**** SUPPLIED DATA

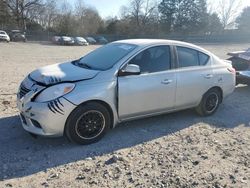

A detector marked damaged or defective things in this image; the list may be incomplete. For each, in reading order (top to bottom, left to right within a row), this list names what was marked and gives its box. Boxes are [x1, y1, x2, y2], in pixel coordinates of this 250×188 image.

damaged front bumper [16, 82, 76, 137]
cracked front bumper [17, 95, 75, 137]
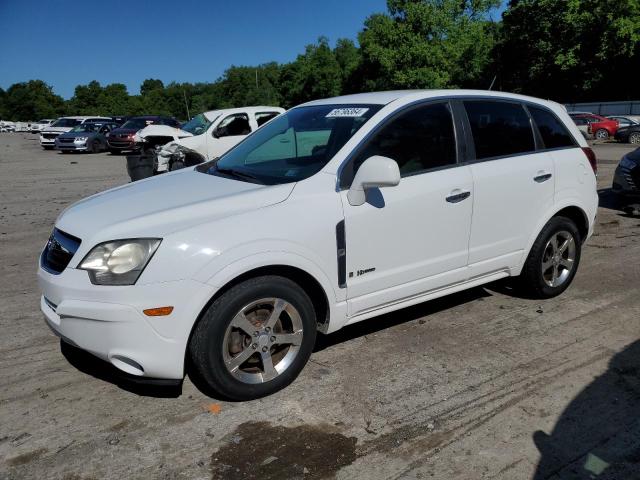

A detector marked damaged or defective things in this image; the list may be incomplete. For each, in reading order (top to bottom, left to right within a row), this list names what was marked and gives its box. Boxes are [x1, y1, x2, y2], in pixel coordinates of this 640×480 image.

cracked asphalt [1, 134, 640, 480]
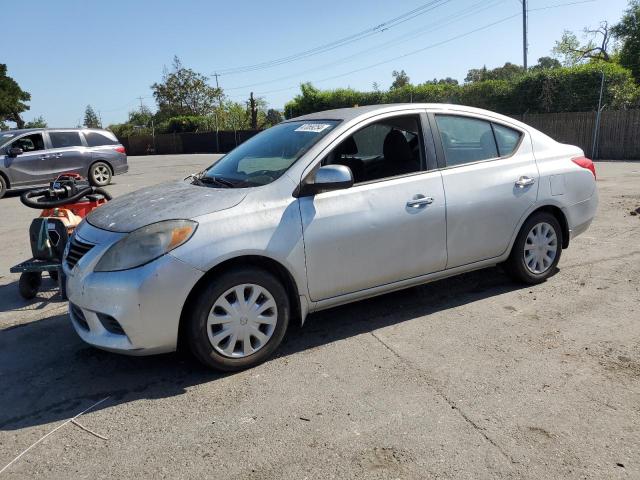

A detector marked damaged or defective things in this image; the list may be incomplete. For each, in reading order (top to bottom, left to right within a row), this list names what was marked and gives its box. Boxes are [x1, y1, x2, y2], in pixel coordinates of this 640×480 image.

parking lot crack [370, 332, 520, 466]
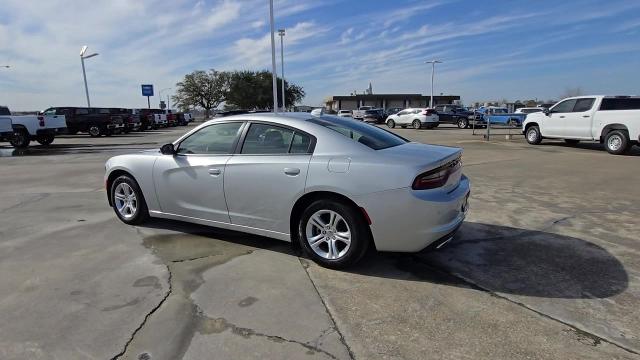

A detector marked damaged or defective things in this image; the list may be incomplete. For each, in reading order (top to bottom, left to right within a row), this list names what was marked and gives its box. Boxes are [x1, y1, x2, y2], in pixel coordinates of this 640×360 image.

crack in pavement [109, 264, 172, 360]
crack in pavement [298, 258, 356, 358]
crack in pavement [410, 256, 640, 358]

********

AIM OF THE TASK - Retype each record exactly as it appears above and drop the images.

EXERCISE OUTPUT -
A detector marked damaged or defective things in this image; the list may be incomplete. For each, in reading order (top to bottom, left to right within a row), this list names what was marked and gives its box. Boxes are [x1, y1, x2, y2], in pixel coordinates of this 250×188 image.

damaged front bumper [16, 82, 76, 137]
cracked front bumper [17, 95, 75, 137]

A detector marked damaged or defective things in this image; the list may be incomplete. For each, in reading order (top to bottom, left to right within a row), this list names what was marked and gives its box. Boxes are [x1, y1, x2, y2], in pixel coordinates of this 640×480 image.

cracked asphalt [1, 134, 640, 480]

A detector marked damaged or defective things in this image; the list may be incomplete. For each, in reading order (top to bottom, left to right within a row), this list names what was marked and gives its box. Boxes are [x1, y1, x2, y2], in pixel coordinates of this 640×480 image.

parking lot crack [370, 332, 520, 466]

A detector marked damaged or defective things in this image; the list may be incomplete. For each, in reading order (top to bottom, left to right within a row), this list names what was marked and gives its box. Boxes are [x1, y1, x2, y2], in pixel coordinates of this 640×360 image.

crack in pavement [109, 264, 172, 360]
crack in pavement [298, 258, 356, 358]
crack in pavement [410, 256, 640, 358]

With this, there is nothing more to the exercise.